Não é, por outro lado, um produto dos novos tempos mas sim um retorno do que já existia em tempos arcaicos e agora retorna ao mundo ocidental, à medida que a repressão cristã se esboroa. Há dois mil anos um dos cultos mais disseminados em toda a área mediterrânica - portanto, em todo o Império Romano - era o de Cíbele, Magna Mater, originário da Frígia, na actual Turquia. Os sacerdotes de Cíbele entravam em êxtase, auto-castravam-se e viviam doravante vestidos de mulher, como já tive oportunidade de referir nesta página. A autoridade romana veio a proibir a auto-castração, mas o travestismo ritual continuou a existir. Não foi caso único. No Médio Oriente o culto de Atargátis também tinha sacerdotes travestis. No dicionário enciclopédico Koogan Larousse, o que está escrito a respeito dos sacerdotes é fenomenalmente actual: '...castravam-se no afã de se identificarem com a deusa'. Isto é de um culto anterior ao Cristianismo, não é uma invenção de bichas do Príncipe Real. Isto existe também na Índia, com os hijras que prestam culto a Bahuchara Mata, deusa que castigou homens fazendo-os vestirem-se de mulher. Que o travestismo seja aí visto como um castigo pode derivar da mentalidade patriarcal dominante; aliás, o travestismo começa sempre por ser sentido como uma forma de castigo mas depois evolui.

SOBRE O SAGRADO
Concordo inteiramente com a intenção de transpor tudo isto para a dimensão do sagrado. Creio que no mundo antigo tudo tinha uma dimensão sagrada, inclusivamente o travestismo. Daí a presença em cultos religiosos de sacerdotes efeminados, maricas, mas maricas no verdadeiro sentido do termo, o original, não o actual: o significado primeiro da palavra não é 'homossexual' mas sim, como dizem os dicionários mais vetustos, 'homem que se ocupa de funções de Maria (por mulher)'. Deusas como as que citei acima e outras: Cíbele, Atargatis, Tanit e, provavelmente, Argimpasa, Bendis, Artemis, Vénus, Hekate, Hera, foram servidas por sacerdotes transgénero. Não posso falar em nome de todos os transgéneros, ou sequer em nome de todos os travestis, mas também não posso deixar de pegar na palavra que muito bem empregou, o magnetismo. O magnetismo puxa e é isto que muitos travestis sentem - os travestis fetichistas, pelo menos. Estes sentem uma espécie de magnetismo da Mulher, a Mulher como abismo descomunal, a grande cavidade profunda que puxa para si, como um redemoinho nas águas, como as sereias do folclore, que, segundo a versão conhecida, atraem com os seus cânticos os marinheiros (homens) para a 'perdição', sendo esta 'perdição' entendida como a simples morte no fundo do mar, mas que eu pessoalmente gosto de pensar que pode ser a perdição da masculinidade, por assim dizer, como se a Sereia obrigasse ou convencesse o homem a ficar 'como ela', vivendo doravante como ela, num gineceu. Não é talvez por acaso que uma das deusas que referi, Atargatis, aparece por vezes concebida com rabo de peixe... Atargatis, deusa em cuja honra os homens se auto-castravam (até que essa prática foi proibida por um rei), também conhecida como 'Dea Syria', referida na obra 'O Burro de Ouro', de Apuleio, na qual se descreve um grupo de sacerdotes mendicantes que vagueia pedindo dinheiro, lendo sinas e impressionando as populações com o seu extremo grau de mariquice.

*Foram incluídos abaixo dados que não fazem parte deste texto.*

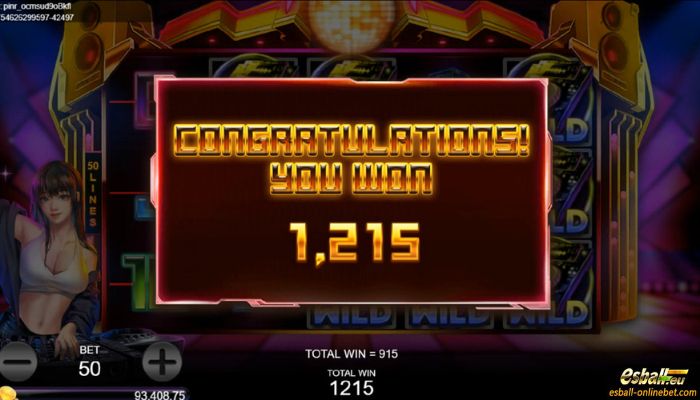 R88 Future Stars Big Win R88 Future Stars Big Win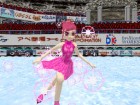 Screenshots de Figure Skating DS sur NDS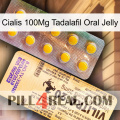 Cialis 100Mg Tadalafil Oral Jelly new06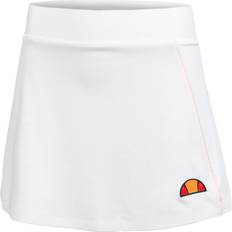 Ellesse Skirts Ellesse Ascalone Skirt Women white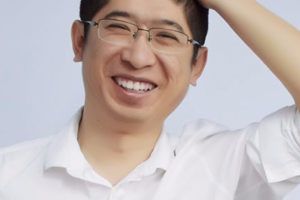 怎么看卢松松博客创业？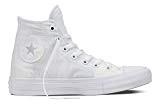 Converse Chuck Taylor All Star II, Baskets Hautes Mixte Adulte, White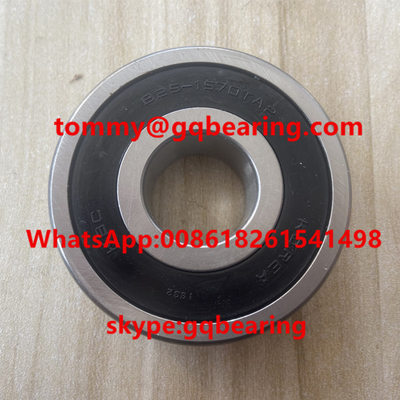 B25-157DTA2 Đường đơn Lối đệm quả cầu rãnh sâu OD 68mm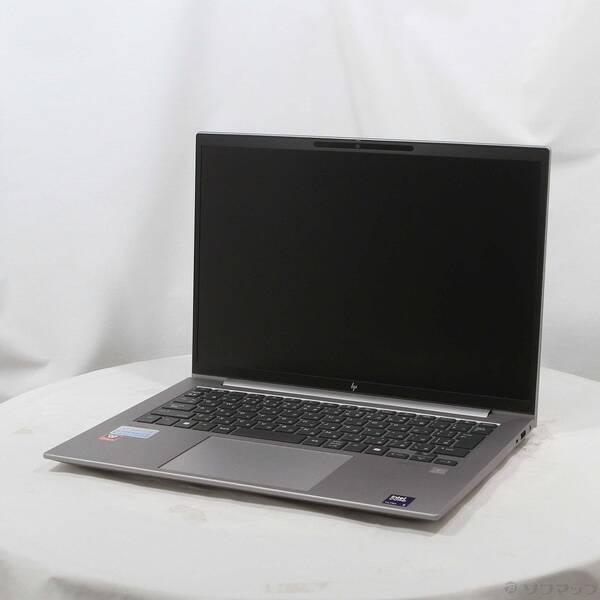 〔中古〕hp(ヒューレットパッカード) HP ZBook Firefly 14 G11 AK5L3PA#ABJ〔258-ud〕 | 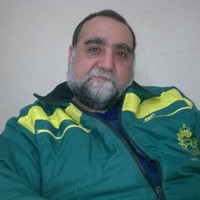 Marius Karaivanov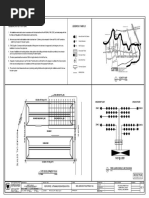 Light Industry & Science Park 1: Legend & Symbols General Notes For Fdas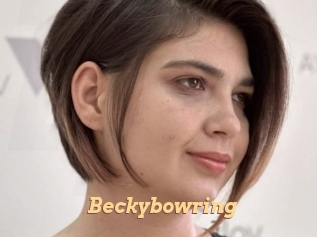 Beckybowring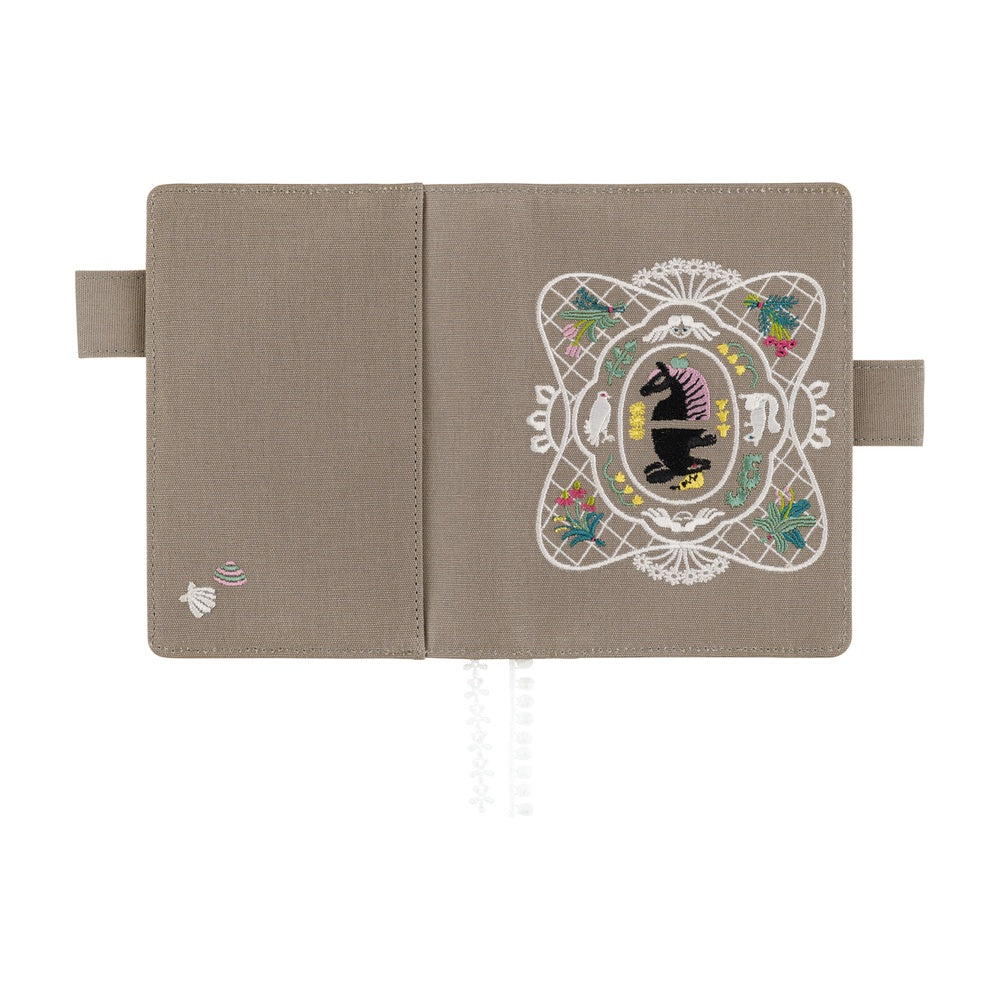 Hobonichi Techo A6 Original Planner Set - iyo okumi: A Story About Me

Quando o travestismo surge na mente de um homem, a auto-repulsa e a culpa são frequentes. De início nenhum travesti o quer ser, pelo menos na sociedade patriarcal que conhecemos. Tenta, tenta, tenta evitar tal pensamento, mas acaba por não conseguir fugir desse caminho. Imagina que uma determinada mulher, ou grupo de mulheres, o convence de que não é homem a sério e que portanto só lhe resta deixar-se feminizar. Compreendo que isto possa parecer estranhíssimo, sobretudo quando se tem em mente que a sociedade é patriarcal, mas cada pessoa tem o seu pequeno mundo e quando o mundo pequeno de um rapaz é dominado por mulheres - mãe, irmã mais velha, primas, colegas, tias, professoras, sabe-se lá, é conforme os casos - pode acontecer que ele enquanto criança sinta um certo apelo feminizante. Pode acontecer, não significa que aconteça forçosamente. Sei apenas que enquanto os rapazes com irmãOs mais velhos tendem a desenvolver homossexualidade, os rapazes com irmÃs mais velhas tendem a desenvolver travestismo. É uma habituação às circunstâncias, uma espécie de síndroma de Estocolmo aplicada ao género - eu chamo-lhe 'síndroma da Lídia' - ou se calhar é uma brecha para alguma verdadeira Cíbele, Hécate ou Vénus lá do Alto actuar neste mundo, quem sabe. Seja como for, isto angustia gravemente a criança do sexo masculino mas acaba por constituir, contra a sua vontade, a sua maior fonte de prazer erótico. É biológico?, é psicológico?, é cultural?... seja o que for, é mais forte que tudo. É uma obscenidade, uma 'vergonha', uma queda vertiginosa numa moleza 'criminosa' que prende com tentáculos, como uma aterradora e excessivamente macia lula das profundezas aquosas - é um feitiço. Que um marmanjo de grossa pele sinta que algo o compele a ficar tão 'amaciado', por assim dizer, como uma diva da música, da moda ou da esquina, eis o que se afigura como uma singular e não raras vezes ridícula monstruosidade, especialmente porque numa sociedade patriarcal, nada é considerado mais vil do que o homem que 'opta' (não opta, na verdade, não é coisa que se escolha) por encarnar o princípio do sexo oposto (ou o modo como o entende). Só quando se abandonam os valores rigidamente patriarcais se consegue valorizar o travestismo, à luz de uma outra escala de valores, sobretudo quando se toma conhecimento de que também a mariquice tinha em tempos a sua dimensão divina."